Our study sought to investigate the arterial stiffness assessed by carotid–femoral PWV in the presence of PH. Specifically, we investigated the hypothesis that PWV is increased in patients with PH with or without concomitant hypertension when compared with patients with essential hypertension (EH) and healthy controls; that is, independently of prevailing arterial BP. We also examined the effect of PTX on arterial stiffness.

Methods

Study population

A total of 28 patients with PH and concomitant hypertension (PHHT), 16 PH patients without hypertension (PHNT), 28 patients with EH and 18 normotensive control subjects were studied. Six months after successful PTX, 15 patients (11 hypertensive and 4 without hypertension) were investigated again. All subjects were women. Each participant provided written informed consent, and the study was approved by the local Ethics Committee.

The diagnosis of PH was established by demonstrating hypercalcemia and hypophosphatemia in the presence of elevated intact PTH concentrations.17 Ultrasonography and/or Tc-99 m MIBI scintigraphy of the parathyroid glands was performed before surgery.
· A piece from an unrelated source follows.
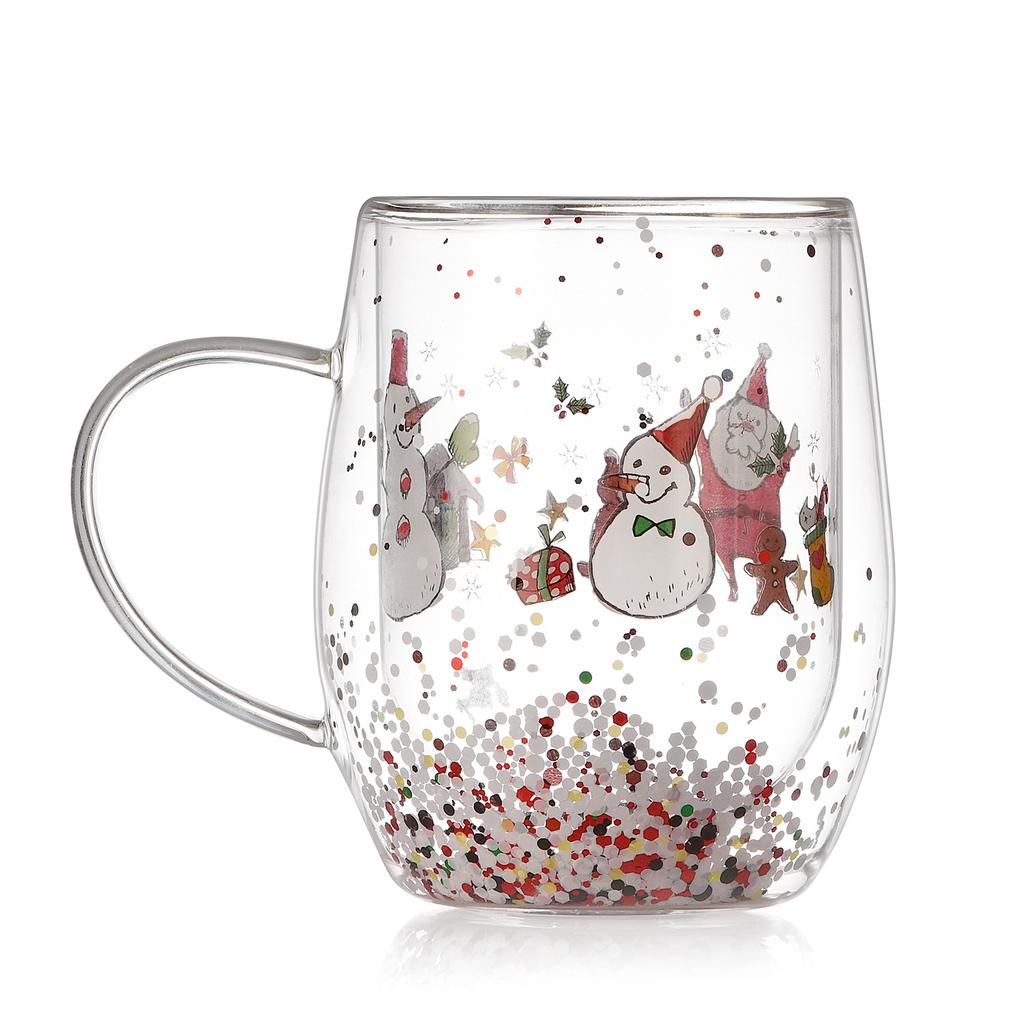 300ML high borosilicate double-layer heat insulation high temperature glass Christmas cartoon pattern with sequined water cup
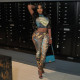 EVE Sleeveless Print Crop Top Two Piece Pants Set SHD-9528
Only patients with confirmed parathyroid adenoma were included in the study. Subjects were considered hypertensive if their clinical BP was repeatedly higher than 140/90 mm Hg or if they were being treated with antihypertensive drugs. Hypertensive patients with PH were treated with β-blockers (17), calcium channel blockers (9), ACE inhibitors/sartans (12) or loop diuretics (4). Because this treatment might influence the renin–angiotensin–aldosterone system, neither plasma renin activity nor aldosterone levels were evaluated in this group. The diagnosis of EH was made by exclusion of the most common forms of secondary hypertension (primary aldosteronism, pheochromocytoma, Cushing's syndrome, renal parenchymal disease and renovascular hypertension) and when there were no signs of PH. EH patients were treated with calcium channel blockers and/or α-blockers. Normotensive controls were recruited from subjects without a history of hypertension or cardiovascular disease who were not under treatment with antihypertensive medication.

Pulse wave velocity

All subjects underwent the PWV assessment with the applanation tonometer Sphygmocor (AtCor Medical). Subjects were studied by a single examiner after overnight fasting and after a 15-min resting period, during which the patient was in a supine position in a quiet room. Aortic PWV was assessed by the time difference between pulse wave upstrokes, which were consecutively measured at the right common carotid artery and right femoral artery, then aligned by the ECG-based trigger. The ‘percentage pulse height algorithm’ was used to locate the foot of the pulse waves.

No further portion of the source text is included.